Dr. Knatokie Ford – Founder and CEO of Fly Sci Enterprise
How many of you loved math as a kid? No? Okay. Now, how many of you were maybe in the other bucket, and you probably didn’t like math as much, and you maybe felt like, “Hey, maybe I’m not a ‘math person.'”
Unfortunately, we have a culture that makes it acceptable to opt out of developing math skills, but when it comes to literacy, it’s not okay to say, “Hey, reading just wasn’t my thing.” This is a major problem, because 80% of the fastest growing jobs require math or science skills. And of the five million unfilled jobs in this country today, more than half a million are in Information Technology, or IT, which is more than any other occupation. We have a mismatch between the supply and this growing demand for people with skills in science, technology, engineering, and math.
In fact, a 2012 report by President Obama’s Science and Technology Advisory Council said that we need to produce one million additional STEM college graduates by the year 2022. That’s one million on top of the projected three million.

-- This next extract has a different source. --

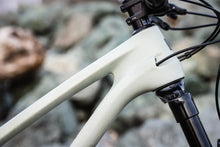 Load image into Gallery viewer, Evil Following V3 X01 i9 Hydra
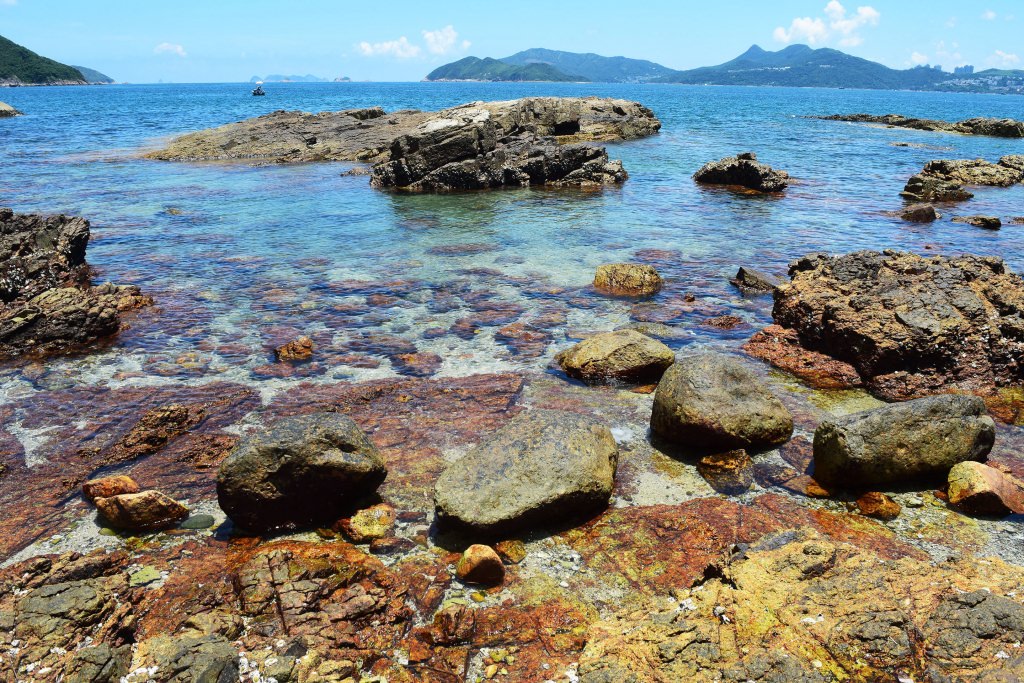 אבנים אדומות באי קיו טאו (צילום: טל ניצן)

So, why does STEM have this worker shortage? I just gave it away. It’s actually because STEM has a major diversity issue. Women make up roughly half of this country, but are only 29% of STEM workers. When it comes to race and ethnicity, African-Americans and Hispanics comprised around 26% of the US population in 2013, but were only about, or barely 11% of the science and engineering workforce. This diversity challenge is not just a matter of us needing more workers, we’re actually missing out on ideas.
Research indicates that teams that have diverse perspectives are more creative and more innovative, especially when it comes to solving complex problems. So, STEM’s diversity challenge is a complex one, and there are a number of factors that contribute to this. I want to share a few of them with you in the context of my own experience as a woman in STEM. Here I am… I knew you guys were going to laugh, it’s okay! I was female Steve Urkel, I get it.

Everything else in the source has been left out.